By Hassan Xavier Henderson-Lott
“Whither shall I go from thy spirit? or whither shall I flee from thy presence? If I ascend up into heaven, thou art there: if I make my bed in hell, behold, thou art there.
Psalm 139:7, 8
Recently I made a big move to an even bigger city from a small town where Black children sell lemonade. The town I left is a comfortable Delawarean suburb where residents certainly aren’t wealthy but keep homes quaint and warm when it snows in the winter. This year, I spent my summer at home in that small town with family and neighbors. Things weren’t much different than in years prior, the summers of my childhood.
Black folk, as is tradition, drove cars in sweltering heat with their windows rolled down, blaring our music, shifting the atmosphere. “Power 99FM, Philly’s #1 station for Hip Hop and R&B.” Rap. Judicious language and pentatonic melodies—polysyllabic rhythms will forever conjure the spirits of the living and our dead. When the right mix plays, all who live get their life. Womyn who wear baggy jeans and fitted caps, men with Afros and faces beat for the GAWDS—we all bump to this joint because “let everything that hath breath, praise ye The Lord.” Certainly not your quenticial #CarefreeBlackGirl/Boy aesthetic. But this is our music and it expresses our truth, and we are “free indeed.”

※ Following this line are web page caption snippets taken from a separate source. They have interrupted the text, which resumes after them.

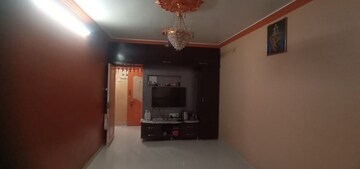 Furnished Amenities in 1 BHK Apartment at Magnolia Enclave, Powai – for Rent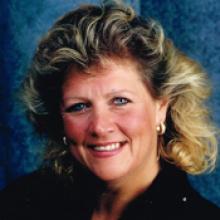 SHIRLEY TIMM-RUDOLPH Obituary pic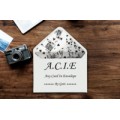 Acie by Geni Acie by Geni
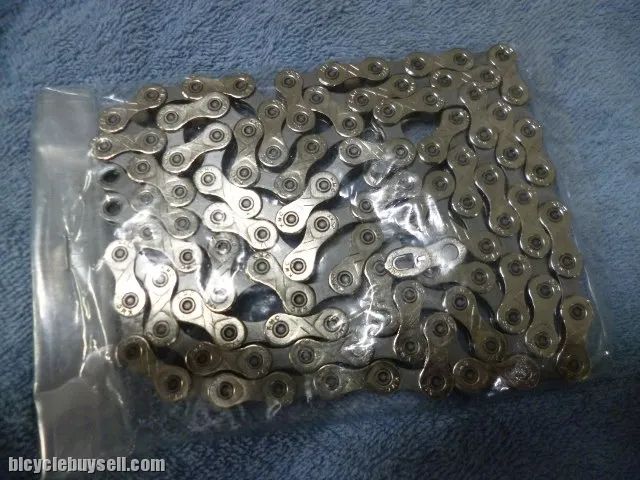 Shimano Original HG53 9speed CHAIN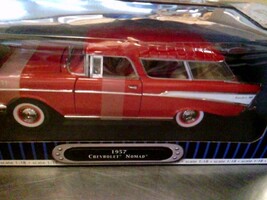 Collector's Edition 1957 Nomad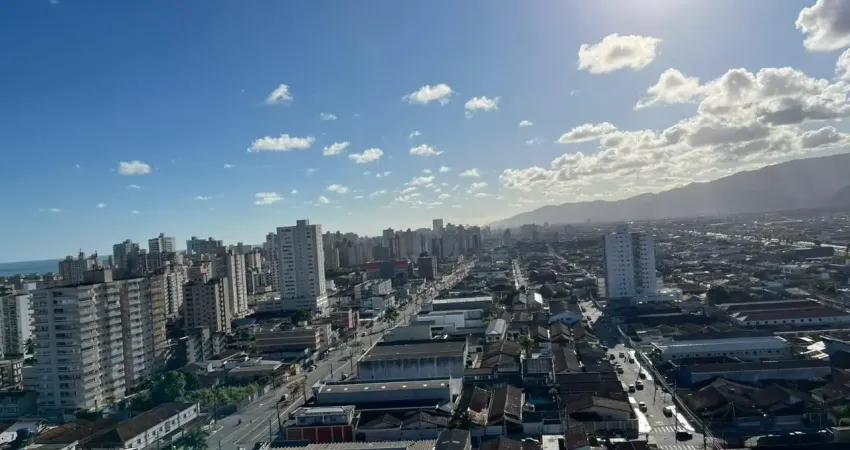 Apartamento com 1 quarto à venda na Rua Aimorés, 100, Tupi, Praia Grande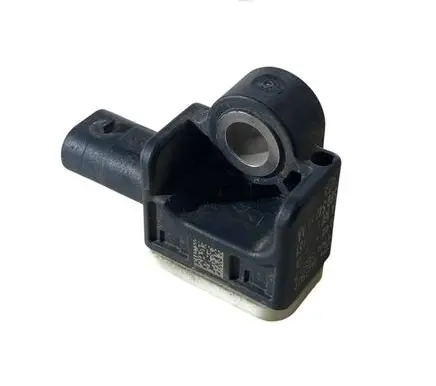 Infiniti QX30 Airbag deployment crash/impact sensor A1668210151 56054085AA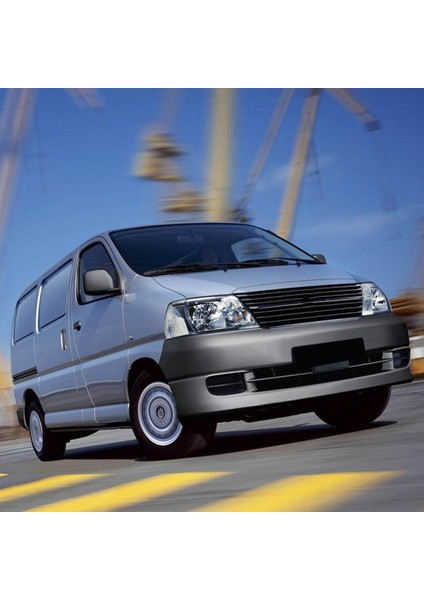 Toyota Hiace 2006-2010 53X53CM Ön Cam Silecek Takımı fiyatları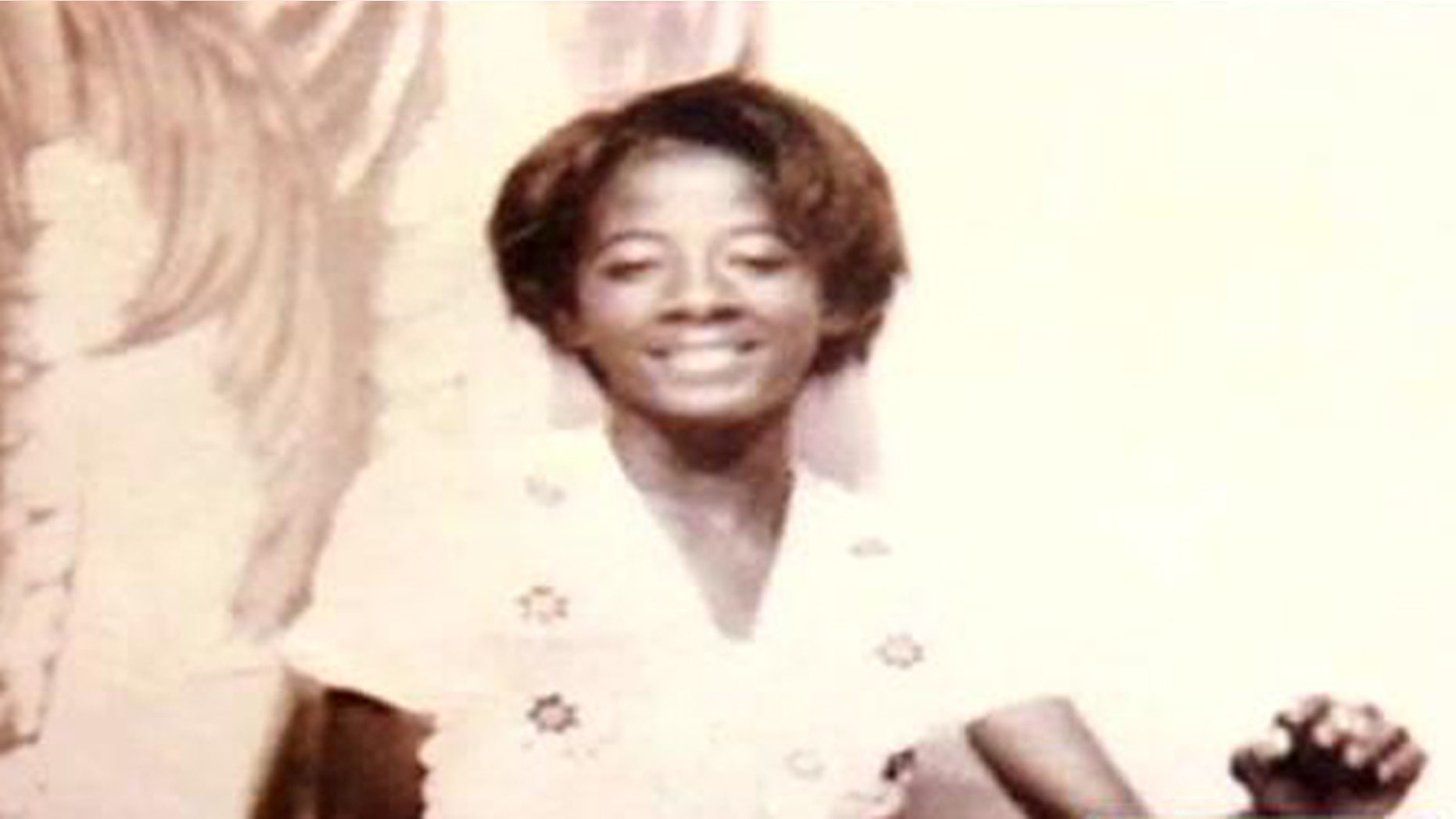 Nancy Grace Daniel was last seen on Sept. 6, 1976.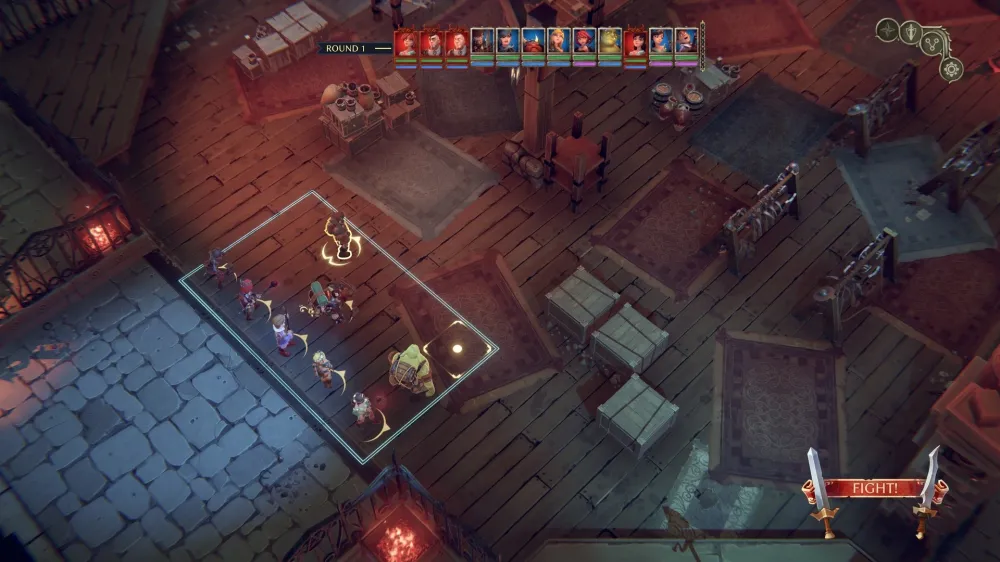 Дополнение к игре для ПК Dear Villagers The Dungeon Of Naheulbeuk - Splat Jaypak`s Arenas (12+)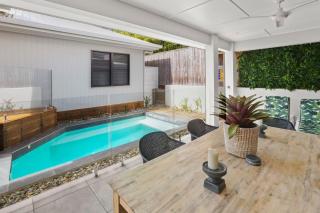 Carinya - Secluded luxury minutes from the beach - 3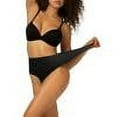 thumbnail image 3 of Secret Treasures Women's Favorite Super-Stretch Brief Panty, 4-Pack, 3 of 11
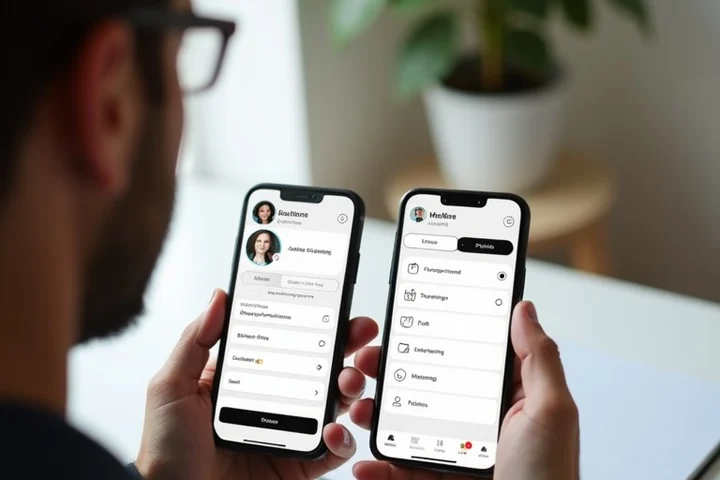 Free and Paid Access Change the Matching Experience
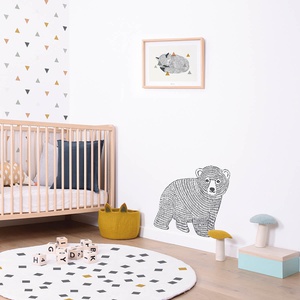 Sticker Specifique - Ours Lilipinso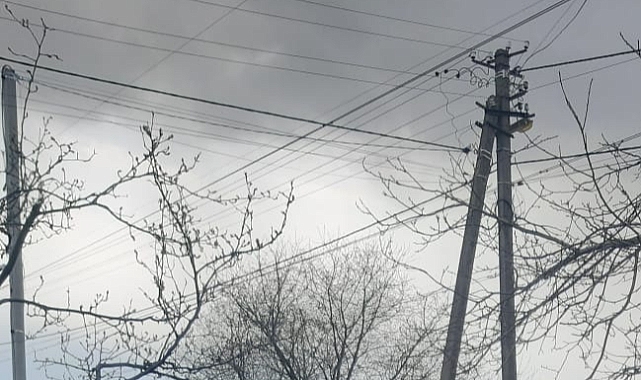 Babaeski’de Yarın Sisli Hava Etkili Olacak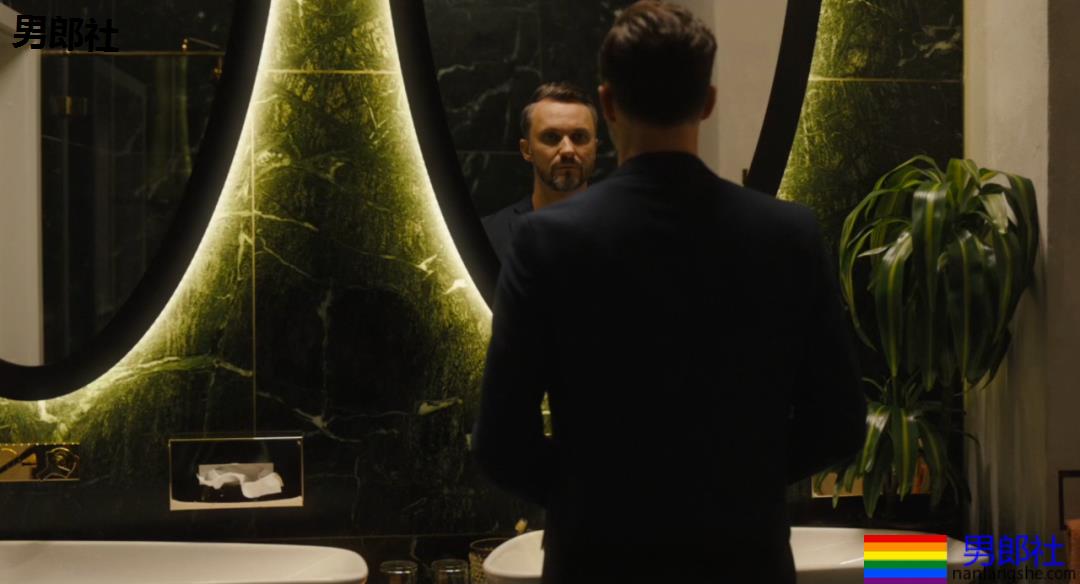 情欲流转的红 - 51虹马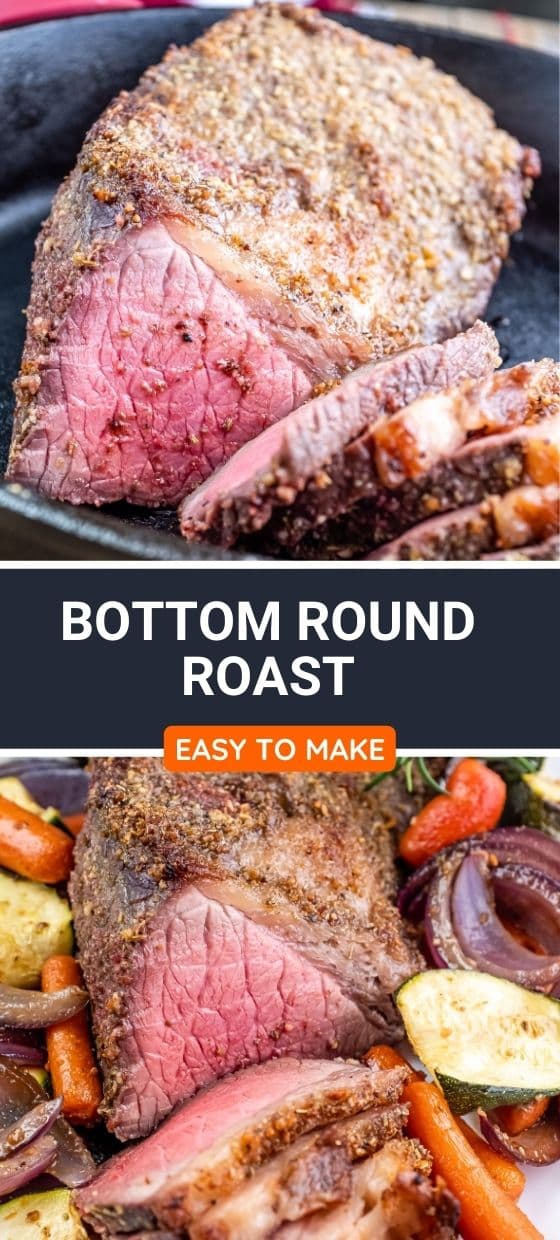 Bottom Round Roast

The promise of American freedom is fleeting and violent. But freedom is real. And it can be seen in multicolored barrettes—barrettes that hold pigtails and cornrows and curly Black and brown puff balls tight; waving through the air as little Black girls run door to door selling their lemonade. Freedom is evident in the screeching laughter of the little Black boy who spilled his cup and hopped back onto his scooter to ride home and make another. The bodies of Black children play at the nexus of a Black freedom body politics.
There exist a strange and confounding ideology regarding the junction of race and age in America. Ageism in the United States has deemed the Black adult childish, and the Black child a threat to the security of its established society. Children of color must work in and through an awareness of self whereby their personhood is deemed threatening in the presence of wypipo. Their small Black bodies are subjugated as centers of menace and hostility. Tamir Rice and Tyree King have been ancestored before their time and against their own wills because they were never safe here.
Black children are not now and have never been safe here. Racist American ageism does not exist in isolation. Rather, it operates within a multiplex of long held mythologies that marginalize and pathologize the fear and suffering of Black children who—this year—chose to play free and run barefoot on scorching sidewalks all throughout our neighborhood.
This summer, we were [finally] invited to once again ‘Swim Good’ in the uncharted waters of Frank’s Ocean—deep.
Korryn Gaines was shot dead by Baltimore County police, with her son in her arms. Her son was shot, too. Selah.
Sainted Black artists emerged with new dexterity. Beyonce gripped our hearts to remind the nation “when you hurt [us], you hurt yourself.”
A prophetic proclamation to white America everywhere: you’ve hurt yourself.
This summer, ancestral voices whispered through the preached Word of Sis. Hattie White as she imparted wisdom. She called life “lemons”, and like those Black children, she turned lemons into something sweet to drink. Certainly, Blackness is a collective testimony of that good-‘ol-in-spite-of kind of love and survival.
“I had my ups and downs, but I always find the inner strength to pull myself up. I was served lemons, but I made lemonade.”
Though she could have, Mother White did not reject life and she did not rebuke lemons, but she took them all and made beauty from ashes. And, this summer, that same sweet stuff materialized out of the entrepreneurial spirits of Black children, all of whom are neighbors of mine, people who live on my street.
Indicative of a true Black experience, my street was hot as hell this summer. Yours was too. Were you paying attention? But even in hell Black folk will find a way to control the flames and discover something beautiful and delicious to create. It’s hard to breathe when the air is humid and stuffy and white. In spite of the choking presence of dusty eggshell politicians, campaigning [read: harassing] Black porches for the Black vote, old Black men in Black barbershops engage in Black prophetic social gossip, “the only thing I got to do is stay Black and die.”
To ‘stay Black’ is to commit ourselves to ourselves and to live free and unapologetically. Freedom is #BlackLove. It looks like Black men loving Black men—embracing one another with a hug where their cheeks touch. Breathing is “a woman who loves other women, sexually and not.” I touch you, and agree with you, and declare that today, we will breath; together.
“…Inhale, In hell there’s heaven”
Indeed, this summer Frank Ocean fashioned a new theological lens through which hell may be reconsidered toward the situation of a Black politics of redemption. We have not given up, and our children have hope. We drive cars in sweltering heat with the windows rolled down, because rhythm will still galvanize community. Our children run door to door selling cups of lemonade by the gallon, because they found use of the lemons/lives we’ve attempted to discard. And all the while, we do so in hell, but we can breath, because Frank told us we can.
Hassan Xavier Henderson-Lott is a black-queer seminarian at Union Theological Seminary in New York City.